Thornton was born in Ireland and was three years of age when his family immigrated over to the American colonies settling in Maine at first and then quickly moved to Massachusetts Bay Colony. He would later move to New Hampshire where he would become a physician and be appointed physician over the New Hampshire militia. He was elected as a New Hampshire delegate to the Second Continental Congress. He would serve alongside Josiah Bartlett and William Whipple.
Thornton, like many of the Declaration of Independence Signers, would serve in multiple government vocations before and after the Second Continental Congress. He would serve as a the first president of the New Hampshire House of Representatives, Associate Justice of the Superior Court of New Hampshire and elected to Continental Congress just in time to sign the Declaration of Independence. He would also become a Londonderry Town Selectman, a representative and President of the Provincial Assembly, member of the committee of safety and helped draft New Hampshire’s form of government after it declared Independence from Britain. The New Hampshire Constitution would become the first constitution after the hostilities to England began.
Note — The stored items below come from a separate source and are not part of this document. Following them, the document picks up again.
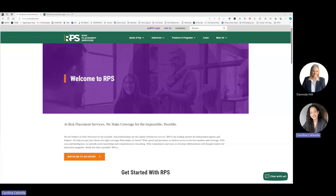Welcome to the RPS Standard Express Mavon tutorial. During this tutorial, we will review how to visit the RPS website, access the Standard Express portal, submit a personal and commercial application, and how to service a policy. And with that, let's get started.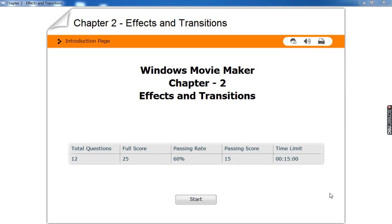Hello children. Today we will attend a quiz on Chapter 2, Windows Movie Maker — Effects and Transitions. We learnt a lot about video transitions and video effects. You have 12 questions, your passing score is 15, and the full score is 25.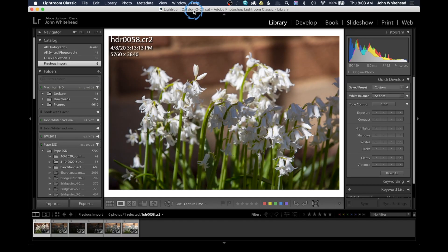Welcome back to Lightroom Classic 2020. Today we're going to take a look at HDR.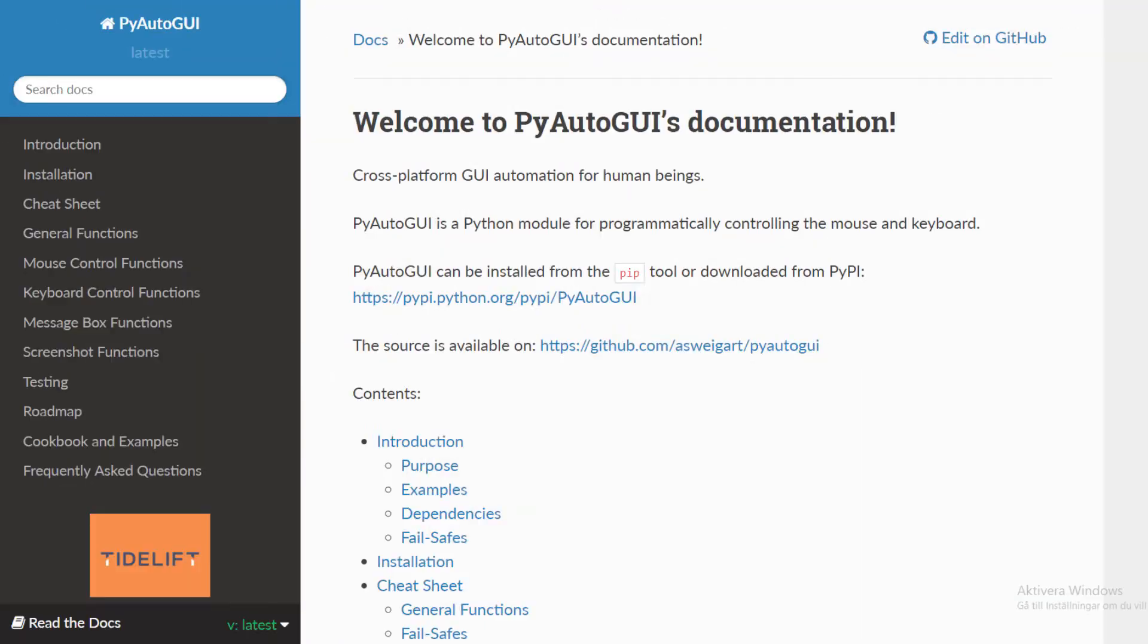According to PyAutoGUI.ReadTheDocs.io, PyAutoGUI is a Python module for programmatically controlling the mouse and keyboard. When I read that, I thought, wow, this sounds interesting.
During the war he would become a political essayist and retire from the medical field in 1780 and moved to Merrimack, New Hampshire. Here he would run a ferry with his family until his death in 1803.
Matthew Thornton was known for his hard work ethic, multiple abilities and his honesty. He was known as a man of character which one sees when they look on his gravestone that reads, “An Honest Man.” He was a devoted Christian and a devoted father.